Courtesy lies at the heart of civilization: the pleases, the thank-yous, respect for the aged, opening the door for someone, a warm handshake, a generous gesture, giving up a seat to an older person on the bus and so on. Courtesy has been described as that property of the heart which overlooks the broken gate and draws attention to the garden beyond.
The Rules of Civility offer a framework for behaviour. The essence of the Rules are not so much their content as their emphasis on discipline.
An honest national conversation would be a step forward. Many people now find it embarrassing to talk about religion or morality in public and the traditional vocabulary of moral discourse-virtue, sin, good, bad, right, wrong, moral, wholesome, godly, righteous and sober-have come under acute contemporary suspicion. But it is a suspicion that is the consequence of lack of knowledge. It is not an intelligent and reformed rejection. Their replacement by a preoccupation with rights and the language of the doctrine of self-esteem has not been a step forward.
An average child spends one-fifth of his time at school. Many schoolteachers believe that their efforts to develop moral and spiritual teaching are not supported by families, who are giving their children quite contradictory messages. The family is of prime importance. There has to be a partnership with families, schools and the wider community.
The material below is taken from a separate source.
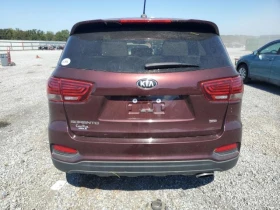 Kia Sorento L | Mobile.bg    6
To leave the debate about the moral and cultural future of our children to the morality of deconstruction - of those who have little sense of the sacred or belief in the spiritual dimension to life and who actively decry the existence of or need of God is an abdication of intergenerational responsibility.
New Zealand society would be well served by a resurgence of thoughtful, intellectually sound and articulate public advocacy of Christian principles and values and their application to day to day policy and behaviour. What other coherent framework do we have? One can only wonder why our church leaders are so mute. In the meantime don't look for a seat on a bus full of kids.